A pretty brunette in a black bustier and a quilted black skirt waits coolly before she gets her picture taken. Her smile radiates warmth and you can’t help but gawk at her. In high school, she would’ve been that rare specimen that looks perfect on the much dreaded picture day.

Except Vanessa Marano isn’t in high school. She just plays a high school kid on ABC Family's wildly popular Switched at Birth, the story about how the lives of two teens and their families change when they find out the girls were switched, well, at birth.

And this isn’t picture day. The 21-year-old actress is on set of a photo shoot in the Complex studio with her team by her side, who makes sure there’s not a hair out of place. They become adoring fans themselves when they excitedly snap pics of her with their phones.

Instead of being the out-of-your-league cheerleader or snobby popular girl, Marano becomes your would-be best friend once she gets talking, which she likes to do—a lot. 

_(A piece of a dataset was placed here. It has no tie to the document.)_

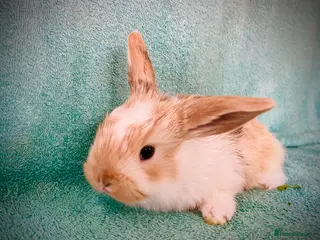 Mini Lop rabbits **LAST ONE** 6 wk old Mini Lop - Advert 18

Interview by Debbie Encalada (@DebbieOE)

Does everyone born in L.A. want to become an actor?
Nobody that’s born in LA wants to be an actor, except me and my sister, for some bizarre reason. Usually the actors are all transplants from different parts of the country. Everyone else was coming out and going back and forth and leaving family behind and they’d be put up in the apartments in Burbank, which was so foreign to me because it didn’t make sense. [Laughs.]

So you’re saying it wasn’t competitive where you lived?
My mother owned a children’s theater and theater is really about togetherness and helping each other out, especially amongst kids who are so young. And my sister was doing it. I think when you go into something with a sibling doing something, for me and my sister at least, it's like, "Oh okay, we’re both auditioning for the same part. That’s not weird. Either you’ll get it, I’ll get it, or that girl will get it." But it can be very competitive. It’s an industry that definitely breeds that especially in women, but I think society just breeds innate competitiveness between women, which sucks.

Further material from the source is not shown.